_Required action_. In the records below, begin at the line that has "meca, arábia saudita, outubro" and stop after the line that has "Audi A3 Sportback"; quote those lines verbatim and nothing more.
Provided data START
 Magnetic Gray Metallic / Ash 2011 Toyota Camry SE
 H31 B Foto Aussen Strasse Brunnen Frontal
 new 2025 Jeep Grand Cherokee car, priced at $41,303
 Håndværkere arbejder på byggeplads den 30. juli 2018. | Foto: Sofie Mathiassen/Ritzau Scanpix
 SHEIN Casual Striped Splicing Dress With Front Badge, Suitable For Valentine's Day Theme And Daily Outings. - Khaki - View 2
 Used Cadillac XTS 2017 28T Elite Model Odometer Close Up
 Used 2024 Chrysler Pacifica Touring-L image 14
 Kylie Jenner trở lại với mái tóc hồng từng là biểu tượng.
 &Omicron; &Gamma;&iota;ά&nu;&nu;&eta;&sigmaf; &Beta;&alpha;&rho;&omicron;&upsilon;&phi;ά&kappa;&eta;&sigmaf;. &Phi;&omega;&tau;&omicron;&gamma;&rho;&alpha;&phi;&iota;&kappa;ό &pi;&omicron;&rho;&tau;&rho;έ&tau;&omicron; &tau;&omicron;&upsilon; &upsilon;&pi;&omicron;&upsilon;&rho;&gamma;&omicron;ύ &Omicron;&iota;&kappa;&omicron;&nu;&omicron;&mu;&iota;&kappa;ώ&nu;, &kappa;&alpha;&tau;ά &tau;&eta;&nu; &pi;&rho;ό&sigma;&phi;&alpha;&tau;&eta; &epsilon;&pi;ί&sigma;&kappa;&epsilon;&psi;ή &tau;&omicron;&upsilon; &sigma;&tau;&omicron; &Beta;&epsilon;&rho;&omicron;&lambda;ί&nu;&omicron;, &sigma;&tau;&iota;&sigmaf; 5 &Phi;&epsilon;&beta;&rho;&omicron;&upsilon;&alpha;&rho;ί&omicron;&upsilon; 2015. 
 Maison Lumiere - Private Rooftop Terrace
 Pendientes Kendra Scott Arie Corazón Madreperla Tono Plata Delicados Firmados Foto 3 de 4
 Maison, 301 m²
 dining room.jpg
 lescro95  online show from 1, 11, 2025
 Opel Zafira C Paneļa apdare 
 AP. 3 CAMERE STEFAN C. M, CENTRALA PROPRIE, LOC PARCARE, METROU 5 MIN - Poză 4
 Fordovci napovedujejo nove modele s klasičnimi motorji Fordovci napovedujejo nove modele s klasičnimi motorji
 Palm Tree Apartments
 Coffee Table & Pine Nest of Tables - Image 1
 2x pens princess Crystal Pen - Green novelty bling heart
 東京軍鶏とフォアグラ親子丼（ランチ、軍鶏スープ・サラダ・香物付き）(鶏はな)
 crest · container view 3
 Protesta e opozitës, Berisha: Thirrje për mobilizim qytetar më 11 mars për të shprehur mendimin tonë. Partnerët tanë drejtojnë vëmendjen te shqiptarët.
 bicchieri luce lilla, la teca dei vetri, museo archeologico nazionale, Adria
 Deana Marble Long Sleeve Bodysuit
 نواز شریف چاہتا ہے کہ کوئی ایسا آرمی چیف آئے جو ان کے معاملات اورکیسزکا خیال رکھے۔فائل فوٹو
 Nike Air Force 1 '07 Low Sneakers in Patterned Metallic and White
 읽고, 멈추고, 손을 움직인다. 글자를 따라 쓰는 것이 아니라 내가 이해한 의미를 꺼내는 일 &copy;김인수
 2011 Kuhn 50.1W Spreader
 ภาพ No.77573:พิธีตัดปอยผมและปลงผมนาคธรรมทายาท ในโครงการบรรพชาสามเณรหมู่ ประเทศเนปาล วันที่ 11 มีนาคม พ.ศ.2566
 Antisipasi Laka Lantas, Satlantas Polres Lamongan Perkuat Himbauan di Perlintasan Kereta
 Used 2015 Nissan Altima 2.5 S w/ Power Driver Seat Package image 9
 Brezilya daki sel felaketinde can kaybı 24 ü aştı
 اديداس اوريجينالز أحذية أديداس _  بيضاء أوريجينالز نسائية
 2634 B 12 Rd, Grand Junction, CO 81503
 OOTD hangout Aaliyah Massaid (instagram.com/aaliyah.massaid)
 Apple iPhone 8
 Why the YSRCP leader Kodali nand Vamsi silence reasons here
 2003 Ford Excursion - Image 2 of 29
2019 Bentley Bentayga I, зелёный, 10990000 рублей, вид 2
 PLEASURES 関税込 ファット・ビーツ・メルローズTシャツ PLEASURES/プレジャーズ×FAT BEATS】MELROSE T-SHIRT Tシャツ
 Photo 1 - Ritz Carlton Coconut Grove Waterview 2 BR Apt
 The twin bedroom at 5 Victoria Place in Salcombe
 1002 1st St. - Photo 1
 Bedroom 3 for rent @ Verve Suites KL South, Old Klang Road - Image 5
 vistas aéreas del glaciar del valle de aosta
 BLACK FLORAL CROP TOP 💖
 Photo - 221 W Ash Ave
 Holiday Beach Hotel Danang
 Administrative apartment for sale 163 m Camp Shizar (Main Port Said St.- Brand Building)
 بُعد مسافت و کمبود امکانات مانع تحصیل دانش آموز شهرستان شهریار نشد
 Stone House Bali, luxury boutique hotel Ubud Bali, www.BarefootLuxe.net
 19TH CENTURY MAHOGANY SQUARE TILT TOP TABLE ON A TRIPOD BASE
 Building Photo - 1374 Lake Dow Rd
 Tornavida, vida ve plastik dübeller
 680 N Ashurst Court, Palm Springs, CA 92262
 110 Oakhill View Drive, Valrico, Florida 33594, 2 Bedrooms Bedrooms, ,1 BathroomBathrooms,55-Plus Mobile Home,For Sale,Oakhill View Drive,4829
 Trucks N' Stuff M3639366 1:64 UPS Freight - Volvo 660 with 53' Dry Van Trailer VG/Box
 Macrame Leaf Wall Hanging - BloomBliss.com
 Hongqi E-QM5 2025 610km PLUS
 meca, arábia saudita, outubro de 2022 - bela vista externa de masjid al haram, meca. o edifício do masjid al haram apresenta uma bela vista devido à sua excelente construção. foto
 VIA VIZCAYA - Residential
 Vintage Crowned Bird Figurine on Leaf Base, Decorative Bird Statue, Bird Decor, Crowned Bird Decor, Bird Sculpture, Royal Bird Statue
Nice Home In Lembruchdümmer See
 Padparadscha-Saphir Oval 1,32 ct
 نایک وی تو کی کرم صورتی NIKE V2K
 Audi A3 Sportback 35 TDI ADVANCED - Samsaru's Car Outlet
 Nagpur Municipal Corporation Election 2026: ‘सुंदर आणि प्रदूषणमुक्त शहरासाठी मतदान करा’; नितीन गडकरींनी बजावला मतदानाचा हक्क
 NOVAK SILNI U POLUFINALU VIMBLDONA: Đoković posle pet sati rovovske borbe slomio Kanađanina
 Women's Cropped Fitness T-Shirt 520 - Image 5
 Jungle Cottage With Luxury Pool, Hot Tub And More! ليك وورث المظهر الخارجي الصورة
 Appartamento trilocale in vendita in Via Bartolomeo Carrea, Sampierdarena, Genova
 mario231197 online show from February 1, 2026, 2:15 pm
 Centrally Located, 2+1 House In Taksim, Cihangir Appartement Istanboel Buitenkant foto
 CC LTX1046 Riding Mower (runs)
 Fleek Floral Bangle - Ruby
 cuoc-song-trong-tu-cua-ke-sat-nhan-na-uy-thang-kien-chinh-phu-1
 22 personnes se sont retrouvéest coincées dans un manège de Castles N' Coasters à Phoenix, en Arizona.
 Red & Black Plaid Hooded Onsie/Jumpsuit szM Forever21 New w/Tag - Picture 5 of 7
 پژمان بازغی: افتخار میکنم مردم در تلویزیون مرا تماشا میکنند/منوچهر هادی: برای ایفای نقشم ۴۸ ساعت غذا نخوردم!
Provided data END
_Reply_.
 meca, arábia saudita, outubro de 2022 - bela vista externa de masjid al haram, meca. o edifício do masjid al haram apresenta uma bela vista devido à sua excelente construção. foto
 VIA VIZCAYA - Residential
 Vintage Crowned Bird Figurine on Leaf Base, Decorative Bird Statue, Bird Decor, Crowned Bird Decor, Bird Sculpture, Royal Bird Statue
Nice Home In Lembruchdümmer See
 Padparadscha-Saphir Oval 1,32 ct
 نایک وی تو کی کرم صورتی NIKE V2K
 Audi A3 Sportback 35 TDI ADVANCED - Samsaru's Car Outlet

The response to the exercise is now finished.